--- START ---

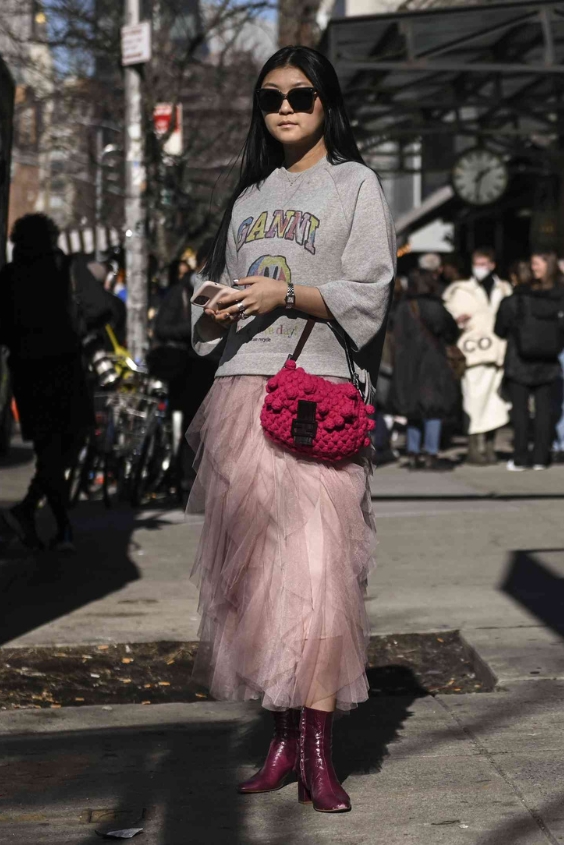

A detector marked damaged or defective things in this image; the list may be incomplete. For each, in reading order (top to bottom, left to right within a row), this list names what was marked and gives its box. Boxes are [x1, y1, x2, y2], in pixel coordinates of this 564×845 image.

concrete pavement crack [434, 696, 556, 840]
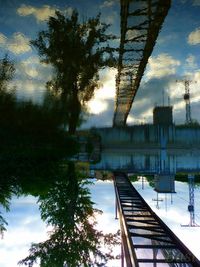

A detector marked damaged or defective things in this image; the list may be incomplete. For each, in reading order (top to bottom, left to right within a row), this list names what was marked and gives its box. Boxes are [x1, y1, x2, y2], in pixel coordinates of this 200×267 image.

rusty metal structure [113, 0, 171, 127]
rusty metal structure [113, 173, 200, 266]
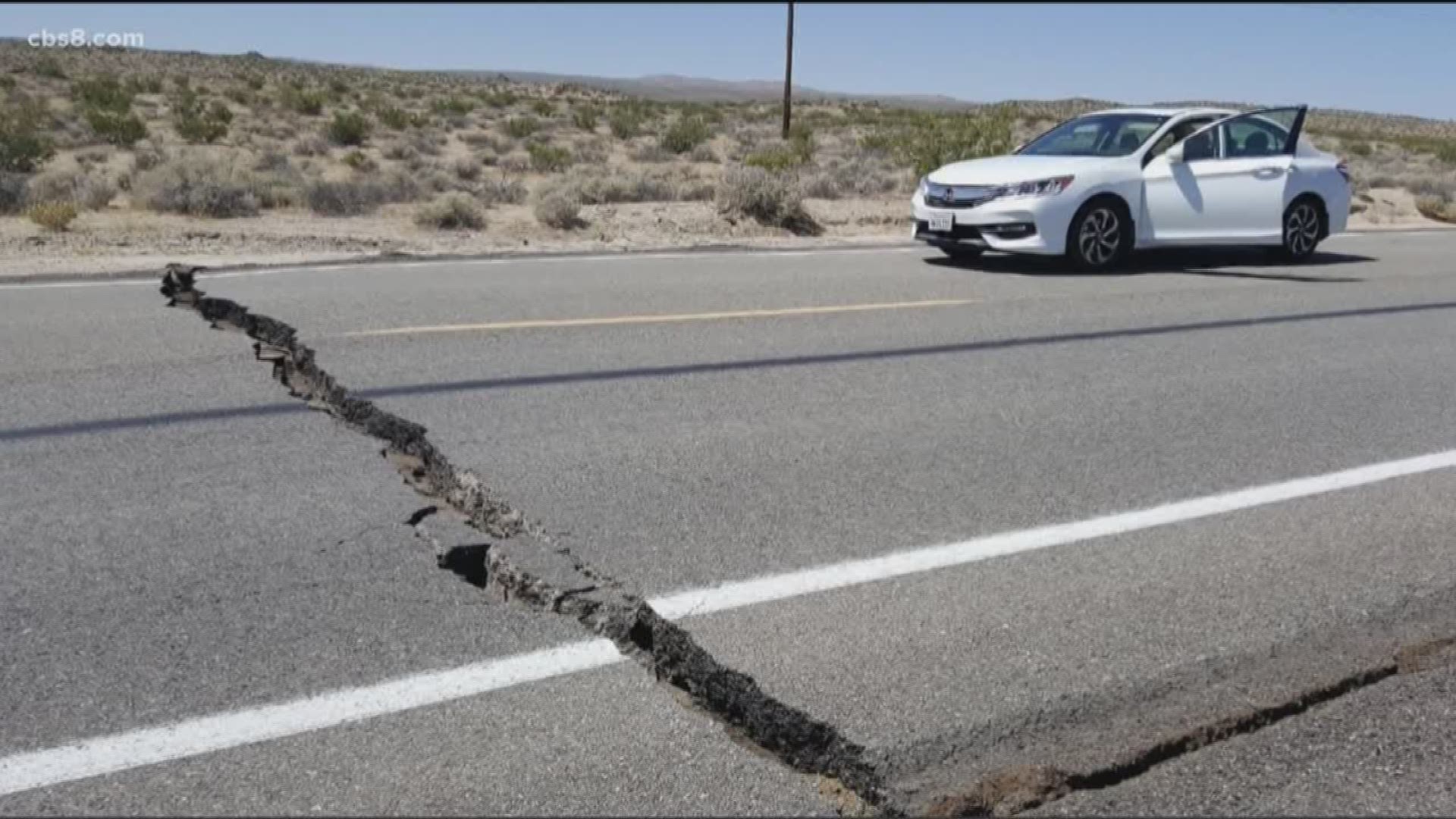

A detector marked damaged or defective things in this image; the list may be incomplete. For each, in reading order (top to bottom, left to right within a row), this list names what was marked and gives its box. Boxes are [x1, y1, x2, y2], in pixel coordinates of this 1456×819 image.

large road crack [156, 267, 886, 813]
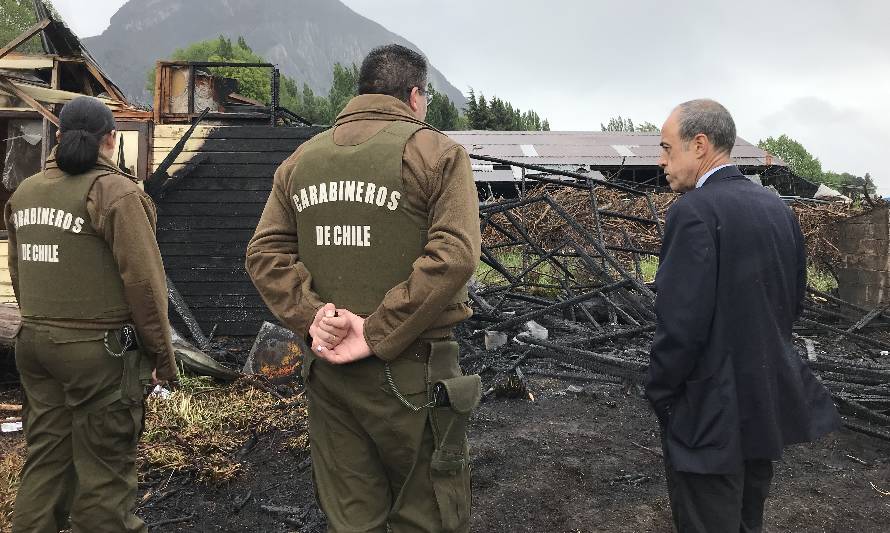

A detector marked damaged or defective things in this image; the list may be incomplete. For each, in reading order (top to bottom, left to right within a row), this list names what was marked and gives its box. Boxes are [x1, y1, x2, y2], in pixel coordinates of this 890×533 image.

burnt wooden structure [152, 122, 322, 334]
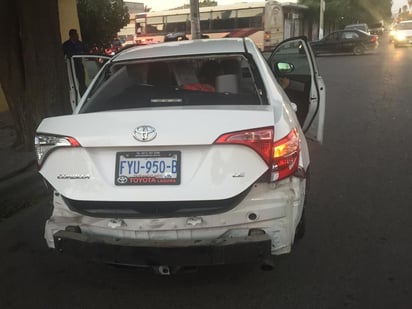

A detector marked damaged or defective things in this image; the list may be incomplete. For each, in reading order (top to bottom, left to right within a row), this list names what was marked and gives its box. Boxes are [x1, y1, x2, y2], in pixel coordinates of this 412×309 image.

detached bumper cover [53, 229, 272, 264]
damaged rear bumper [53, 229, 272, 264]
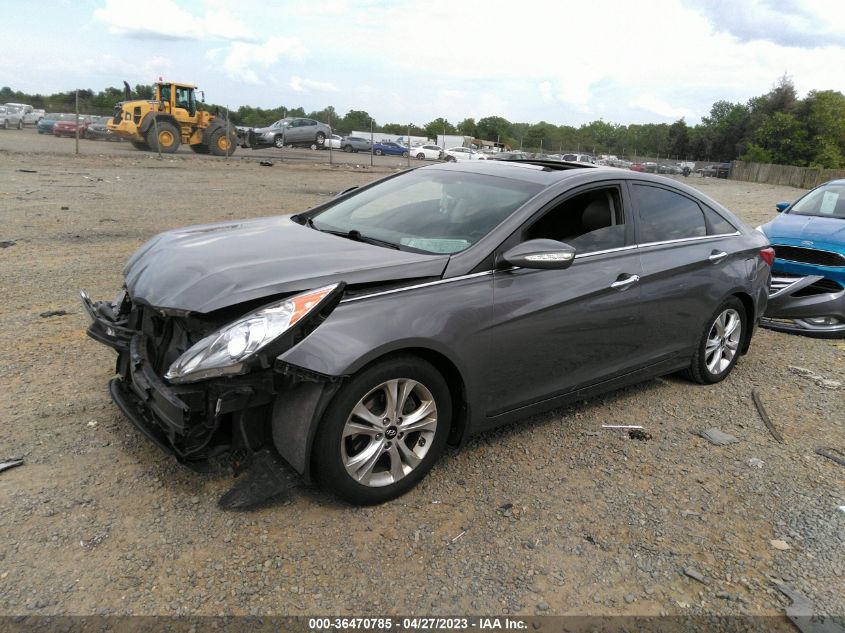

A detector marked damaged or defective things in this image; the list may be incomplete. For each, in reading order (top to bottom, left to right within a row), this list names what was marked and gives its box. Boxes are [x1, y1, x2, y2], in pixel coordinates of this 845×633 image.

--- END ---

**TASK STATEMENT**: Nothing but the records above, exact and without pictures, should appear in the answer.

**RESPONSE**:
A detector marked damaged or defective things in this image; the list may be incomplete. For each, in reading order (top to bottom, left to right within a row), this list names what was marked and gives its box. Boxes are [x1, y1, x2, y2], in pixel coordinates of this 564×845 image.

concrete pavement crack [434, 696, 556, 840]

A detector marked damaged or defective things in this image; the list may be incomplete. For each, in reading order (top to bottom, left to right within a row), this list names what was marked and gives its box. Boxes are [x1, y1, x2, y2], in pixel coordinates of this 200×267 image.

rusty metal structure [113, 0, 171, 127]
rusty metal structure [113, 173, 200, 266]

A detector marked damaged or defective things in this image; the list may be incomplete. For each, in reading order (top to bottom, left to right within a row), this list names what was marked and gives its box. Boxes are [x1, y1, x2, y2], in pixel coordinates of this 1456×819 image.

large road crack [156, 267, 886, 813]

A detector marked damaged or defective things in this image; the list may be incomplete. For each, in reading order (top to bottom, left to right within a row), this list names what was marked and gives its box. Boxes are [x1, y1, x2, y2], in pixel coordinates of this 890×533 image.

burnt wooden structure [152, 122, 322, 334]

A detector marked damaged or defective things in this image; the list may be incomplete. For each, in reading order (top to bottom, left to right within a row), this list names what was marked and gives its box. Boxes are [x1, y1, x2, y2], in pixel coordinates of this 412×309 image.

detached bumper cover [53, 229, 272, 264]
damaged rear bumper [53, 229, 272, 264]

A detector marked damaged or defective things in this image; the list may be incomplete. For each, in reading order (top to bottom, left to right within a row), this list names what was marked and gives its box. Boxes are [x1, y1, x2, y2], in pixel coordinates of this 845×633 image.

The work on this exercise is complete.